=== Begin Enclosure ===
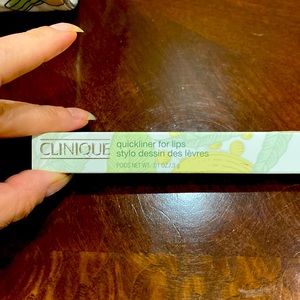 Clinique quick liner for lips 06 Chili NEW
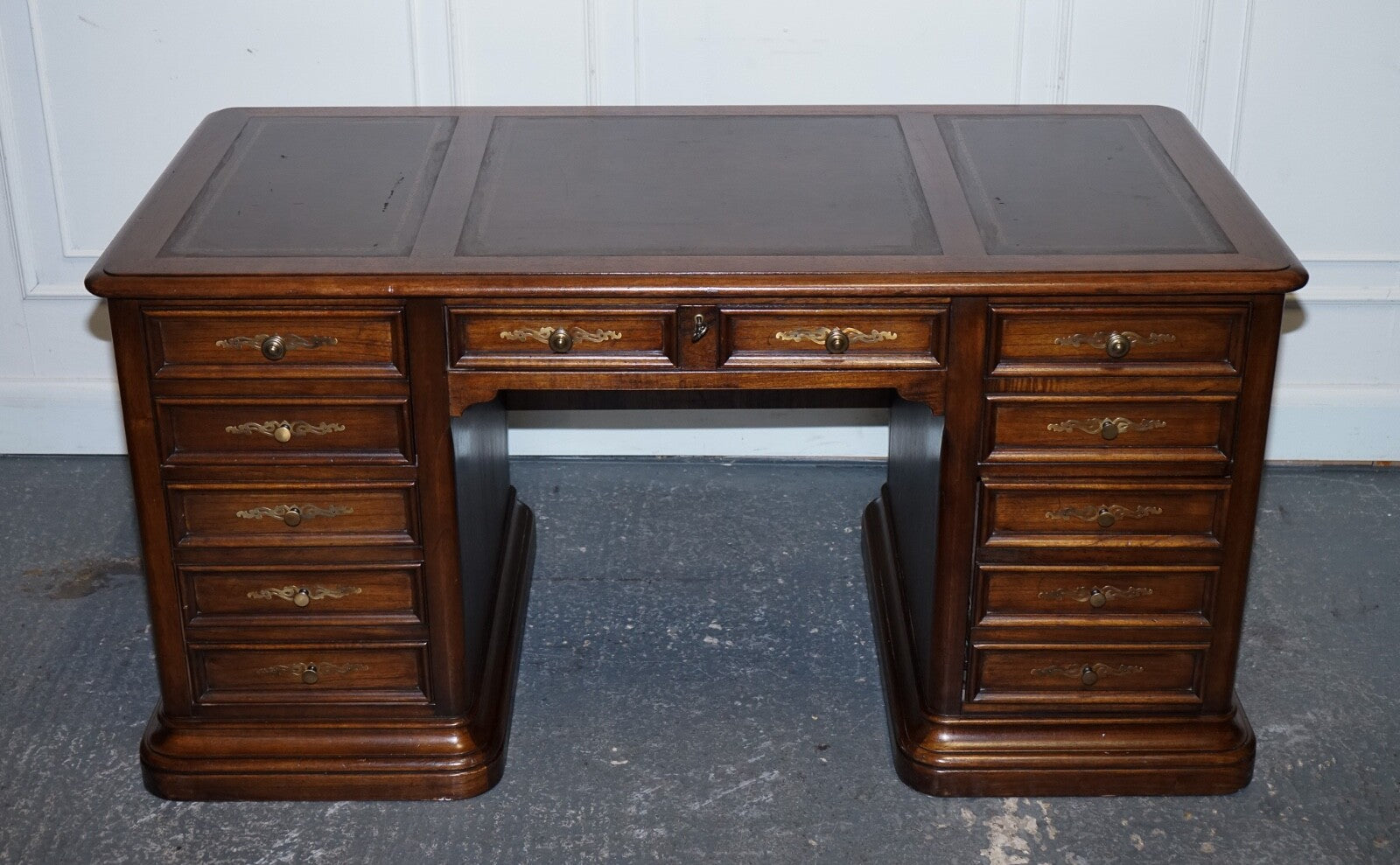 VINTAGE HEKMAN USA TWIN PEDESTAL DESK WITH BROWN LEATHER TOP BRASS HANDLES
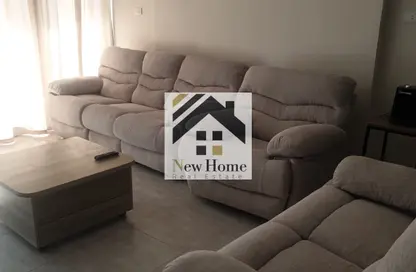 Apartment - 2 Bedrooms - 2 Bathrooms for sale in Rayhanah Avenue - Zahraa El Maadi - Hay El Maadi - Cairo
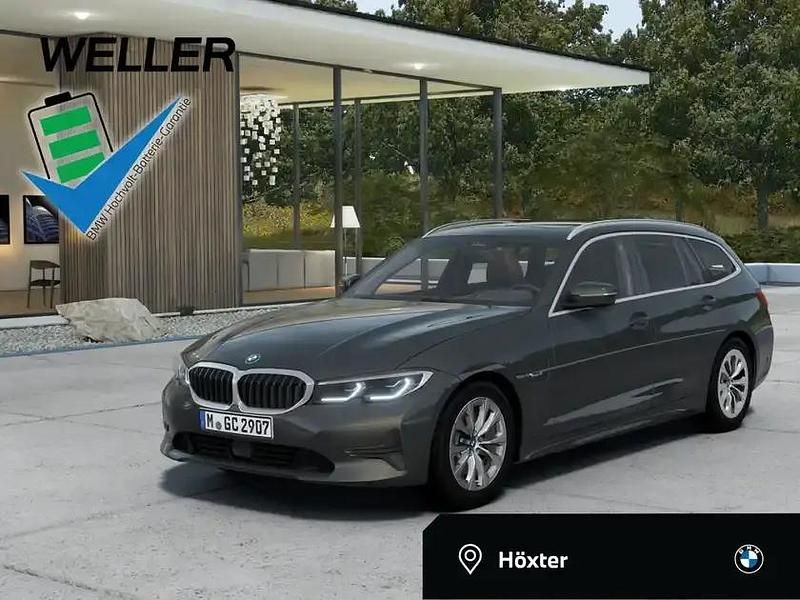 Dravitgrau (grau) Gebraucht 2020 BMW 330e Advantage Kombi | 28.950 € (Etwas zu teuer) - Bild 1/4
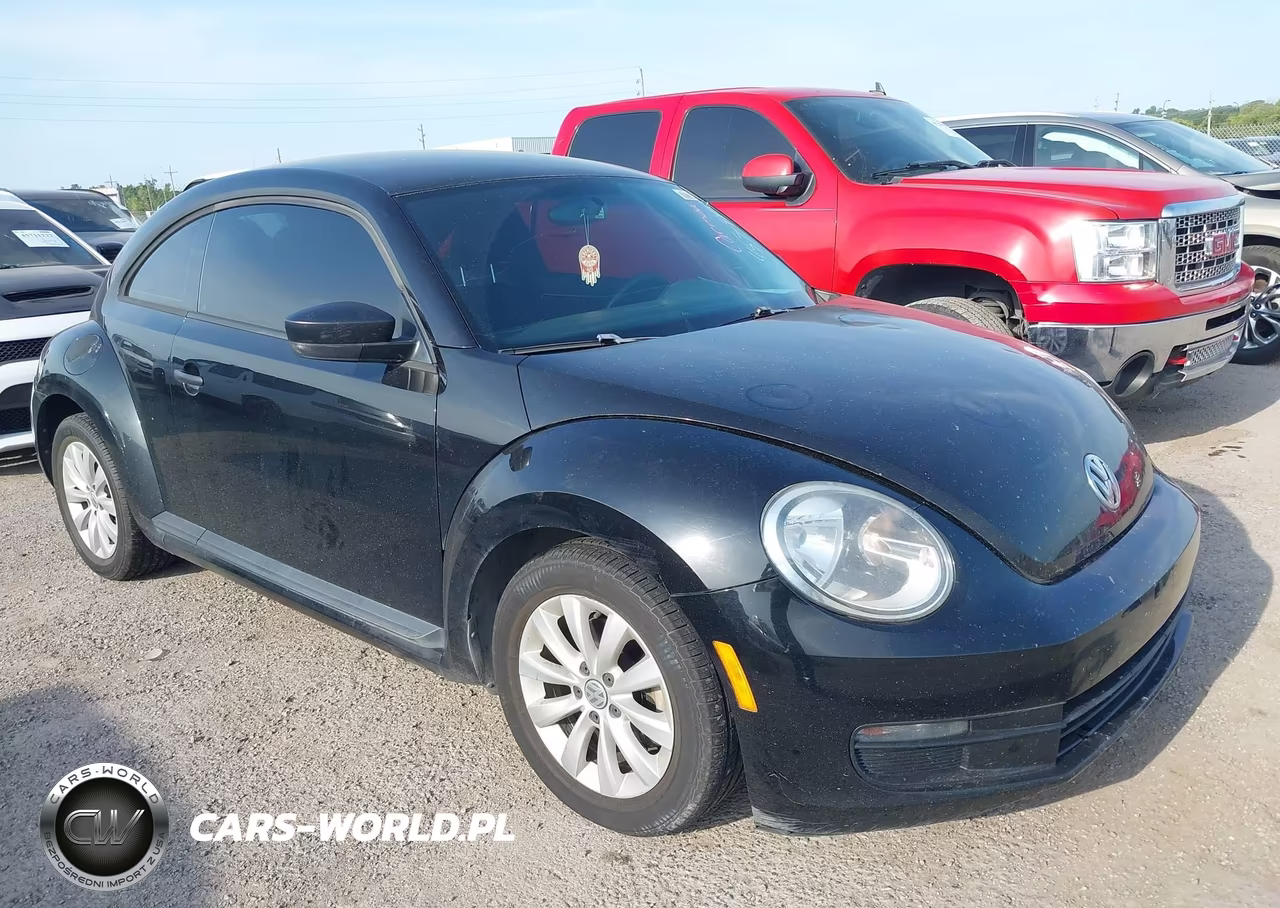 2014 Volkswagen Beetle 1.8T Entry – zdjęcie 1 z 12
=== End Enclosure ===
*WHAT IS NEEDED*
None of the pictures belong in the copy; transcribe the rest of the data exactly.

*SOLUTION*
 Clinique quick liner for lips 06 Chili NEW
 VINTAGE HEKMAN USA TWIN PEDESTAL DESK WITH BROWN LEATHER TOP BRASS HANDLES
 Apartment - 2 Bedrooms - 2 Bathrooms for sale in Rayhanah Avenue - Zahraa El Maadi - Hay El Maadi - Cairo
 Dravitgrau (grau) Gebraucht 2020 BMW 330e Advantage Kombi | 28.950 € (Etwas zu teuer) - Bild 1/4
 2014 Volkswagen Beetle 1.8T Entry – zdjęcie 1 z 12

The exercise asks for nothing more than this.